As to the other fundamental criticism, our use of the New Cambridge Bibliography of English Literature (NCBEL), this is really a simple issue of what was practicable and of not allowing the non-existent best to be the enemy of the good - a principle which also governed our choice of the most suitable text. We needed a comprehensive bibliography. There is only one in existence, NCBEL. There are of course hundreds of more limited bibliographies of very variable quality (even the admirable and well-known Index of Middle English Verse that Dr Reimer recommends can hardly be counted as error free), but if the project were to be completed in reasonable time at a price that was at least affordable by libraries - for the investment of both time and money in the database, unsupported by any institution, has been very considerable - then there had to be concentration on this one modern and, in principle, comprehensive guide. NCBEL's faults are familiar to practising scholars but it has the great strength of being a resource known to all in the field and used by all in the field, and thus a practical and clearly-defined basis for this undertaking. It might be argued that we should have waited for the proposed revised NCBEL before commencing work, but at that time the revised NCBEL was a long way off and today looks unlikely to be completed for several years. And after the New NCBEL do we await the New New NCBEL?

Accuracy

Turning to Dr Reimer's criticisms of our accuracy, I am frankly puzzled by his unsubstantiated attribution of multiple errors of transcription. It would be a miracle if there were none, but has Dr Reimer really compared the texts of several hundreds of fourteenth- and fifteenth-century poems in the database with the sources the database shows that it used? He gives no examples, so it is impossible for us to check. Everybody who deals with these texts knows that a fifteenth-century scribe rarely copies the same text twice in exactly the same spelling. (Chaucer's texts in University of Cambridge Gg IV. 27 and Oxford Bodleian Rawlinson Poet. 163 offer some very clear examples. See Derek Brewer 'The Grain of the Text' in Acts of Interpretation, ed. Mary J Carruthers and Elizabeth D Kirk, Norman, Oklahoma, 1982, 199-28; also The English Poetry Full-Text Database Newsletter, issue 2 (May 1992).) Is it possible that Dr Reimer has consulted different sources from those used by the database?

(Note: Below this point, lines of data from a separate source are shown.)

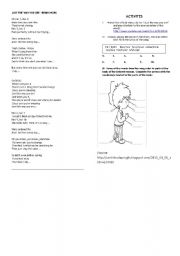 English worksheet: Lyrics 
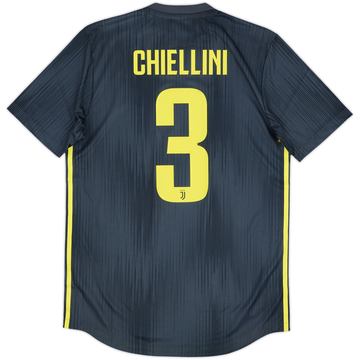 2018-19 Juventus Player Issue Third Shirt Chiellini #3 (M)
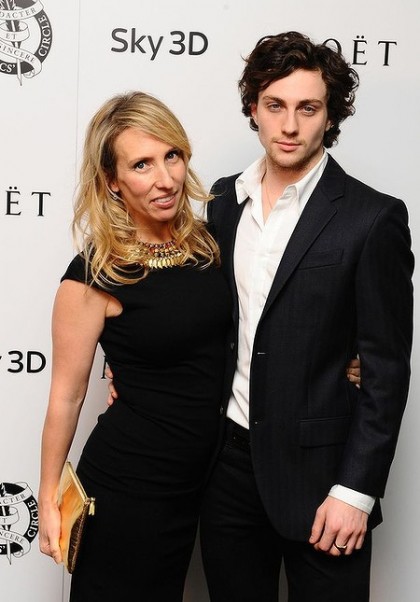 Aaron Johnson and cougar girlfrend Sam Taylor Wood marry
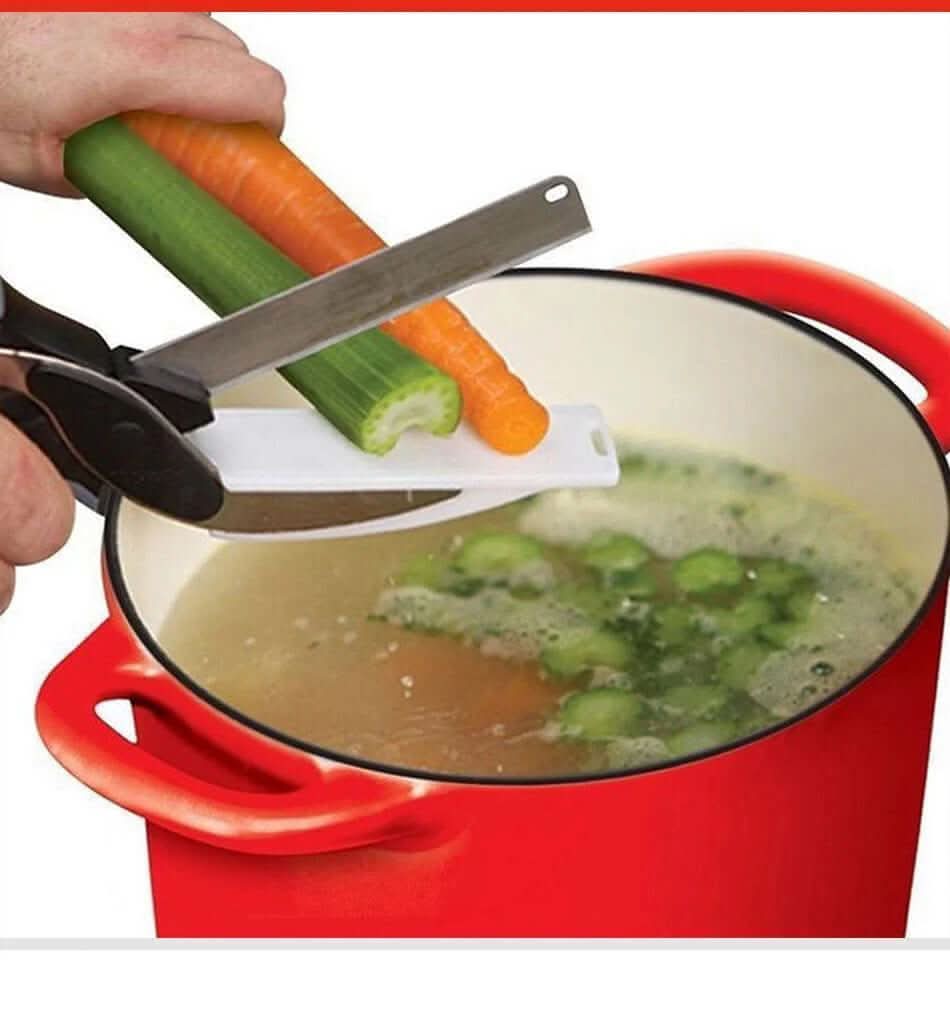 Maliben | 2-In-1 Kitchen Knife With Built-In Cutting Board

Dr Reimer seems to suggest that we used sixteenth-century texts as a cheap or easy option. But where sixteenth-century texts (oddly called incunabula by Dr Reimer) have been used it has been following the principle of presenting texts contemporary with their authors or simply due to the unavailability of an alternative. Using black letter texts is difficult, demanding and expensive. We did not do it more than we felt was necessary. For the record, Dr Reimer is quite wrong in his summary of our method of production: our keyers are all English speakers; the 99.95% accuracy level is the minimum that the keyers guarantee to us and all texts are sampled to ensure that they better this minimum; all texts that fall below around 99.97-8% accuracy are proofread; all black letter texts in the database have been 100% proofed.

Sorting results

On functionality issues, Dr Reimer appears to be confused about what English Poetry can and cannot do and about the way in which it does those things that it can do.

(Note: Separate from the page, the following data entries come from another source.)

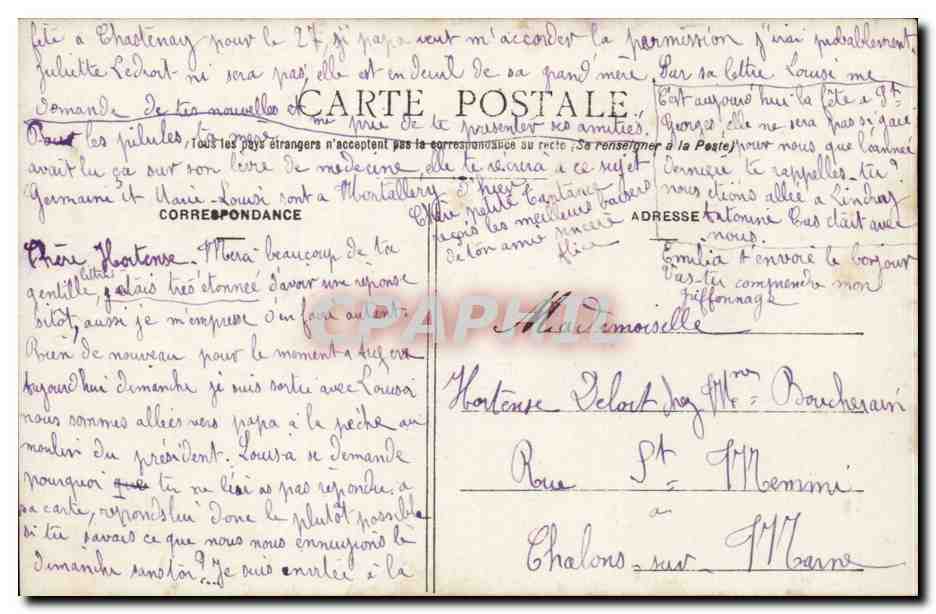 CPA Fantaisie Enfant Porte bonheur Fer a cheval — Rückseite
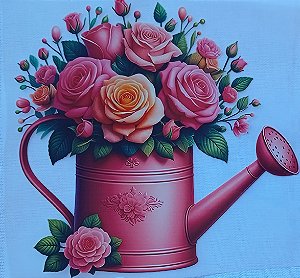 ADR-06 - ADESIVO TÊXTIL DTF - REGADOR COM  ROSAS
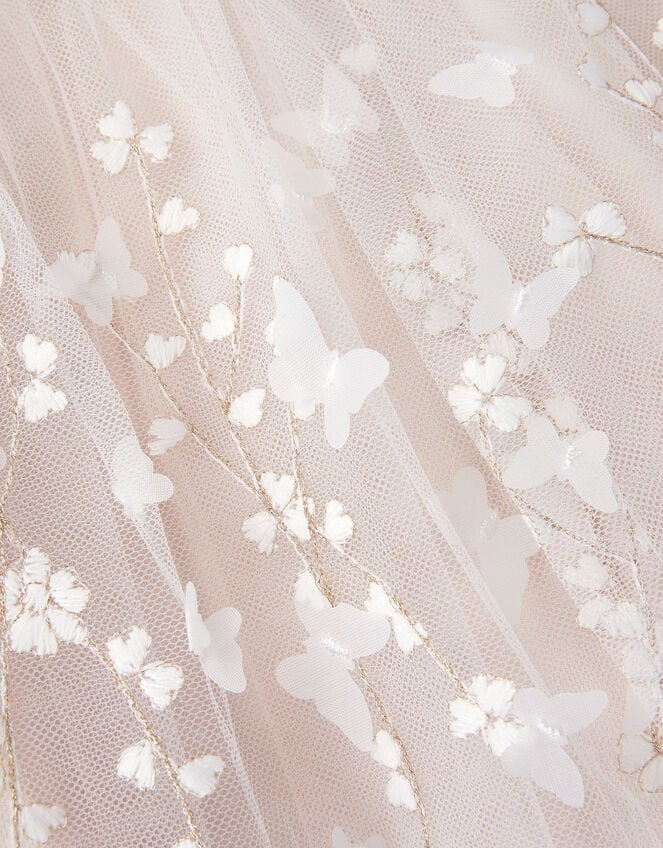 Baby Astrid Appliqu&eacute; Butterfly Swing Dress, White (WARM IVORY), large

Ignoring punctuation in title/first line browse lists might produce 'intuitively' acceptable results in some cases but not in all. The question of phrase sorting is a very difficult one, particularly if you are dealing with 180,000 phrases. Our routines for sorting have been carefully thought out and are sophisticated. Unfortunately intuition is not a rule that a machine can follow. In any case what is the intuitive order for the following titles taken from English Poetry?

Dream
The DREAM Dream.
DREAM!
A Dream. (RECORDED AS FAITHFULLY AS POSSIBLE)
THE DREAM. A FRAGMENT.
The DREAM. To Sir Charles Dumcomb from the Country.
THE DREAM. XLIII
A DREAM. AFTER READING DANTE'S EPISODE OF PAULO AND FRANCESCA.
The Dream: Imitated from Propertius
DREAM AND DAWN
DREAM BABIES
DREAM-COME-TRUE
"THE DREAM DIVINE"
THE DREAM IS - WHICH?
THE DREAM IS BROKEN.

It would be nice to have the luxury of reviewing the sort order and manually moving things that an intelligent eye felt were not placed as 'intuitively' as they could be, but then it would be impossible to have the feature Dr Reimer praises that enables you to 'zoom' to a particular alphabetical section of the browse window; this relies on logic rather than intuition.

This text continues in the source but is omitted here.